In some areas, such as conventional optics, gradual developments in areas such as light-weighting of optics will slowly be adopted into future instruments. In other areas, such as large area IR detectors, more rapid progress can be expected as new processing techniques allow larger and faster arrays. Finally, other areas such as integrated photonics have the potential to revolutionise astronomical instrumentation.

Future plans are outlined, in particular our intention to look at longer term development and disruptive technologies.

Keywords: Astronomy, Technology, Ground-based, Infrared, Optical, OPTICON, Roadmap

INTRODUCTION

Nearly all major advances in astronomy have been made possible by the introduction of new technology, from Galileo’s discovery of the Jovian moons using his new telescope to the weighing of the black hole at the centre of our Galaxy using adaptive optics[1][2] Predicting which technologies will produce radical new capabilities and discoveries is difficult, but it is necessary to make our best attempts at this in order to make good use of limited resources for R&D programmes. In the European Union funded OPTICON network we have been developing a roadmap over the course of the Framework 6 and 7 programmes in order to guide decision making on which technologies to encourage through joint research activities.

1 OPTICON and the Key Technology Network

The Optical Infrared Co-ordination Network for astronomy brings together all the national and international agencies and organisations which fund, support, develop and operate Europe’s facilities for optical and infrared astronomy, both night-time (classical astronomy) and day-time (solar astronomy).
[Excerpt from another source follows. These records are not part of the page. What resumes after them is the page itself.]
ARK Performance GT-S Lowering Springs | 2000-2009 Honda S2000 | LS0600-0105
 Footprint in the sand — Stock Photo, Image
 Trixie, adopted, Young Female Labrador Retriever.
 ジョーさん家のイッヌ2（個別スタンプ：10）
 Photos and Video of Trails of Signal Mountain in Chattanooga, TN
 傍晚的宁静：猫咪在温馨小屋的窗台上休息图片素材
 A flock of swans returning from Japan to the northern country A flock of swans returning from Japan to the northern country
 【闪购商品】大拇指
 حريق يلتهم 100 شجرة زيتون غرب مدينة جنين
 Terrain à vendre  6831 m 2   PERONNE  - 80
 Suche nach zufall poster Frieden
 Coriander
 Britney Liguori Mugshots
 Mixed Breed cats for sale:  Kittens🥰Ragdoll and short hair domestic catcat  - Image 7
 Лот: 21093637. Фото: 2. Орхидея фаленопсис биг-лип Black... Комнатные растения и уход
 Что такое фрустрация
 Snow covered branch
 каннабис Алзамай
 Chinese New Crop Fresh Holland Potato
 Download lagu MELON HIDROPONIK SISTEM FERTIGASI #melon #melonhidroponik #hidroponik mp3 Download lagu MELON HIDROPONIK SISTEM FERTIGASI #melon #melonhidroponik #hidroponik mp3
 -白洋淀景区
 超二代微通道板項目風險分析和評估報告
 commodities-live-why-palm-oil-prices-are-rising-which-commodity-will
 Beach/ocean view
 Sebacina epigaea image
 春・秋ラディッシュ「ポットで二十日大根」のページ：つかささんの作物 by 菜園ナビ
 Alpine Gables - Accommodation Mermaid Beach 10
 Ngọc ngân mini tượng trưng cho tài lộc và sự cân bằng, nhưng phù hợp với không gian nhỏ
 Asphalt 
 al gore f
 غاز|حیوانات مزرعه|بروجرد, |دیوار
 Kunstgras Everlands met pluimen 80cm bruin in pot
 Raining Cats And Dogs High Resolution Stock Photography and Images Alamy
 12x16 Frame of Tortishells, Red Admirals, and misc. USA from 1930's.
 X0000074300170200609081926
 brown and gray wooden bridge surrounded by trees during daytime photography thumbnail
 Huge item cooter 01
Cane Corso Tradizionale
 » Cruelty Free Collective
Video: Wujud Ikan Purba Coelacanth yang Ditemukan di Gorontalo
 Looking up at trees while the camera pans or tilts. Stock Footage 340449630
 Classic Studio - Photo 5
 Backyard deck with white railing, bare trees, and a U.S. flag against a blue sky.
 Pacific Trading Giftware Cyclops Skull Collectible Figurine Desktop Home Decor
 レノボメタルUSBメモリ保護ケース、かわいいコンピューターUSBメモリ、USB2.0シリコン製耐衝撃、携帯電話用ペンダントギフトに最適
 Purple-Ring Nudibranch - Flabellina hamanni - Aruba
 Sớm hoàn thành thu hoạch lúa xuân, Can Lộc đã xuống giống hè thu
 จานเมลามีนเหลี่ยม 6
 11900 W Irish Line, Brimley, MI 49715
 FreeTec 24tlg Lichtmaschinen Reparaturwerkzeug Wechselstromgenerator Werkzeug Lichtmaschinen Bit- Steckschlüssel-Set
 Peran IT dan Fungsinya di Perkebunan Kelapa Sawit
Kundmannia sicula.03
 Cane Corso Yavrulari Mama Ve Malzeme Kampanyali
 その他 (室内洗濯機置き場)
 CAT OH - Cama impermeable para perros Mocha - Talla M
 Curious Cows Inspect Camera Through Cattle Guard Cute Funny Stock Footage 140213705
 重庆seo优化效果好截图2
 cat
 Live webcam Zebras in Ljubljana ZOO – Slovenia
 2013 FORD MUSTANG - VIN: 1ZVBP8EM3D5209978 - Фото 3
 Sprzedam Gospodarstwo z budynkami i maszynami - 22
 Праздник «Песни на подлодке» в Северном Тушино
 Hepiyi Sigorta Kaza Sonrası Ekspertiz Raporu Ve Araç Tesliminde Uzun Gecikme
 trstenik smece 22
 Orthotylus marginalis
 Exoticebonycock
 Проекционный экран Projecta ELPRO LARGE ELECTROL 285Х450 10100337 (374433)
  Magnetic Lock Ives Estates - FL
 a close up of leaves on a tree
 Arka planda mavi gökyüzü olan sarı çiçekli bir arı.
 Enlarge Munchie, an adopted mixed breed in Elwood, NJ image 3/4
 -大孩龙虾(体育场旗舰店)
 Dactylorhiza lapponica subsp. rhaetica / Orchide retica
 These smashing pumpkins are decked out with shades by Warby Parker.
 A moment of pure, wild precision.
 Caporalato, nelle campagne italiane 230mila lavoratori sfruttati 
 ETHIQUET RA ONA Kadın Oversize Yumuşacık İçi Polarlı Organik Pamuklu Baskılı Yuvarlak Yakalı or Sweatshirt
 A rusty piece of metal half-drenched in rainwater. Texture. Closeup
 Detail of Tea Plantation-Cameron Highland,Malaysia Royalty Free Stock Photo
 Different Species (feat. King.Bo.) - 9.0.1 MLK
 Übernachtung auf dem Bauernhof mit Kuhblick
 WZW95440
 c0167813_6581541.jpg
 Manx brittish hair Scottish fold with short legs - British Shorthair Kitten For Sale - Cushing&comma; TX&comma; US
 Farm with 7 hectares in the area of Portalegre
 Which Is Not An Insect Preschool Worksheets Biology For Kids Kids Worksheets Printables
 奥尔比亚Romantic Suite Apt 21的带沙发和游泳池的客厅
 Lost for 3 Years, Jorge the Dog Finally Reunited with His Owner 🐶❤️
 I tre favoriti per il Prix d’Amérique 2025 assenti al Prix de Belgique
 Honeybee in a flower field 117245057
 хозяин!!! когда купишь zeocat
OPTICON provides a framework allowing joint actions to improve the quality of Europe’s infrastructures, to train new astronomers, especially those from Central Europe, in modern new research methods, to develop innovative technologies to enhance research quality, to plan for future developments, and to work towards a strategic plan for Europe’s future research infrastructures.

OPTICON is funded by the EU Framework 6 and 7 programmes. There is a similar programme called RadioNet covering Radio wavelengths.

Within OPTICON the Key Technology Network aims: to identify key technology needs for the future of European astronomy; transfer technologies into astronomy from other domains; encourage collaborative technology development projects and facilitate discussions on routes to further developments.

2 Why do we need Technology Development in Astronomy?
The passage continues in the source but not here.